In part seeking to replace a random “Swiss cheese” pattern of the city’s current borders with more cohesive, logical and functional boundaries, Charles Town officials have said the proposed annexation involved in the court appeal would help the city plan for development and deliver services more efficiently and promote stronger long-term economic development.
If adopted, the boundary expansion would add roughly 2,100 new residents to Charles Town’s 5,900 population. About 609 homes and 38 commercial properties would come into the city’s corporate boundaries. The city would also collect more than $1 million in estimated new property tax revenue.
However, the county commission disagrees. Initially on April 6, 2017, and then again in a clarification six days later, the commission unanimously rejected the city’s annexation because the proposal did not include a vote of approval by the majority of those property owners.
The commission also further agreed that the city’s proposed annexation was too large to be considered a minor boundary adjustment under state law addressing annexations within municipal urban growth boundaries.
The commission defended its decision rejecting the annexation in a brief to the Supreme Court by asking: “The central question in this case is this: Do citizens who reside within a municipal urban growth boundary [that has not yet been annexed] have the same rights of self-determination as citizens who live outside of an urban growth boundary? … Even though all other instances of annexation require a majority vote or petition of the citizens/freeholders who live in the affected area?”
The commission answered its question this way: “A plain reading of W.Va. Code 8-6-4a©(2) gives the exact same protection to citizens within an urban growth boundary as it does to citizens outside of an urban growth boundary. In fact, any other interpretation would likely be unconstitutional on its face simply because it would fail to provide due process/equal protection to citizens within and without an urban growth boundary.”
Charles Town officials appealed the county commission’s decision to a Jefferson County Circuit Court. On March 28, 2019, Judge David Hammer issued an opinion siding with the commission.
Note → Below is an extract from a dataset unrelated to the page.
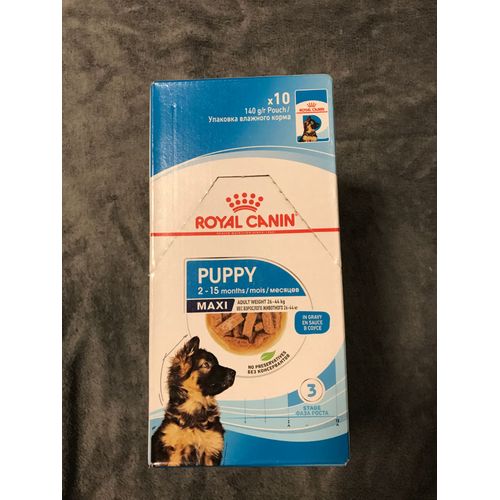 Pâtée Royal Canin Maxi Puppy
He determined that state law protects property owners from having their land annexed by actions initiated by municipal officials without the collective approval of the affected property owners.
Two months later, further pressing their interpretation of state annexation law, Charles Town officials appealed Hammer’s ruling to the Supreme Court. “This interpretation of the annexation statutes [by Hammer] ignores the fact that the legislature created a unique process of annexation in areas within an Urban Growth Boundary,” city officials argue to the high court. “Further, instead of making the annexation within an Urban Growth Boundary easier, the Court’s findings make the process more cumbersome.
“The [circuit] Court exceeded its authority in substituting its opinion for the clear legislative intent concerning the annexation within the Urban Growth Boundary.”
Scheduling the oral arguments in the case for September puts the Supreme Court on track to likely issue an opinion by Nov. 20, according to Jennifer Bundy, the court’s public information officer.